Text and photos by ELIZABETH LOLARGA
BACK in the years when dynamic cultural administrators produced free outdoor performances, from poetry readings to full orchestra concerts,Paco Park was a destination for the culturati and the hoi polloi.
These days, one thinks of Paco as mere passageway to get to busier Taft Avenue or the Malate district where the night life is alive.
But Paco has a place in Manila’s and the nation’s history, the cemetery turned park being the resting place of those who succumbed to the cholera epidemic in 1820. It was where national hero Jose Rizal’s body was first buried after he was shot at Luneta in 1896. His remains were eventually moved to the spot where his monument stands at Rizal Park in 1913.
In his out-of-print “mini-encyclopedia,” Almanac for Manileños, the late National Artist Nick Joaquin cited past chronicles that referred to Paco as “a place for great devotion.” He was not off the mark when he also wrote that the district is a preferred site for inns and taverns today as it was in its heyday.
The old Swiss Inn, renowned for its European sausages, is still standing there.
All that makes Paco deserving of more than a glimpse from a vehicle’s window on the way to somewhere else.
It is worth at least half a day’s pause, even more now that it is where My Kitchen, which has gained a buzz among food lovers, is located on Belen street. That puts it just a few meters’ walk from the park.
The restaurant on the ground level of the modest Oasis Hotel is past the swimming pool. It serves authentic Italian food in generous portions. These man-size servings are best savored with company.
Otherwise, the solo diner will find herself/himself lugging home a big paper bag of leftovers. At the current prices in the menu, it’s also advisable to bring in a bevy of senior citizens to avail of mandatory discount or go KKB (kanya-kanyang bayad or Dutch).
One can go wild with the lengthy choice of panizzas—think super-thin crust pizza, crisp to the bite and presented as a big rectangle dish sliced into long strips. Take a strip (don’t be shy about using your hands), then roll it with an additional filling of fresh leaves of arugula and alfalfa sprouts taken from a separate bowl.
The panizzas go by proper names of Cristina, Stefano, Paolo Miguel, Don Carmelo, etc. And since one is in Paco (it’s said the district got its name from St. Francis of Assisi and Paco is the diminutive of Francisco), panizza Paco is recommended.
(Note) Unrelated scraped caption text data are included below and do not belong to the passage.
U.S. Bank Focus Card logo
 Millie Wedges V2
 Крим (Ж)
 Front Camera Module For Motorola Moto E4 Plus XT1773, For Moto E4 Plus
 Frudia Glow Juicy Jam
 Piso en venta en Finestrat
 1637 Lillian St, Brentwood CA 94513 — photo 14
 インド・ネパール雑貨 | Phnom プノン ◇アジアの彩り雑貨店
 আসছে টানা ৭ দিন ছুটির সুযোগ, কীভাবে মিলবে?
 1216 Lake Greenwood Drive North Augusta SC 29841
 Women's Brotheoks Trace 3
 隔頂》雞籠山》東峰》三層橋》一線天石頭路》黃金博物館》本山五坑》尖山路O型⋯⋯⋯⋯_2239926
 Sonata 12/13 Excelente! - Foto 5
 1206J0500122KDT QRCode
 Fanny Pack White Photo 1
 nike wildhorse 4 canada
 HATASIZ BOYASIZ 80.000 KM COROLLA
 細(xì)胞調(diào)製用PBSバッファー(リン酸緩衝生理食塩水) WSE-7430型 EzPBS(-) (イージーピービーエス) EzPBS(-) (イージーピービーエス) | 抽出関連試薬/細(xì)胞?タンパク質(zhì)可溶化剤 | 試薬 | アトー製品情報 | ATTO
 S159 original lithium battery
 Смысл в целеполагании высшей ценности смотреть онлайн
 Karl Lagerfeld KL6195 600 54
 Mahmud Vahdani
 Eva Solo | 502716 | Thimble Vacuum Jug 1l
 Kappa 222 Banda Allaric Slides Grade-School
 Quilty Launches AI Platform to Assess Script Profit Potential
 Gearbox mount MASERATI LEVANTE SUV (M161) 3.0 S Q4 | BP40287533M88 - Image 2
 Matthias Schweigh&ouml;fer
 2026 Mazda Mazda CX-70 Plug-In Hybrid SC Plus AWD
Like the others, it has abundantly colorful toppings of sliced herb chicken fillet, smoked bacon, portabello, golden mushrooms, capers and kalamata olives.
Nearly the same ingredients can be found in the Oasis Salad, but artichoke hearts, roasted peppers, caramelized sun-dried tomatoes are also thrown in with the romaine and arugula lettuce.
Again the salad is for sharing, and this is where the service staff is efficient in bringing out the extra plate or bowl for someone who’d like to taste her dining companion’s Ribollita soup. The latter is thickened and enriched by white beans, ham hock, salted bacon, Parmesan cheese, herbs and assorted vegetables—a meal in itself.
When the roast salmon and spaghetti marinara are brought in, expect the pitch of the conversation over the meal to register several notes higher and the camaraderie to become more spirited as each one takes her turn to dig in.
One imagines herself amidst a loud, robust Italian family get-together, whether in Tuscany or Bologna, with the men folk smacking their lips to signify appreciation of the cook’s efforts or calling out for more wine, the women fussing over the children or wiping their hands on well-worn aprons.
A near-perfect Italian meal like this is incomplete without making a selection from the Dolce (sweets) list. At My Kitchen, it might be wiser to call a day ahead to check if the choice is wider than what was available on the day of one’s visit.
At that time, it was a toss-up between lemon lime cheesecake and tiramisu. Go for the heesecake. It’s topped with shaved almonds while its sugary crust can be a separate cookie in itself. So rich is the crust that one is forced to eat more slowly to savor it and prevent a sugar rush.
Nothing less than a demitasse of espresso caps a meal like this. If you’re groaning from the carbohydrate load of three kinds of panizza plus pasta, the best remedy is to walk off the lethargy, cross over (attraversare as Julia Roberts immortalized the Italian word in the movie version of Eat Pray Love) and stroll among the benign ghosts of Paco Park.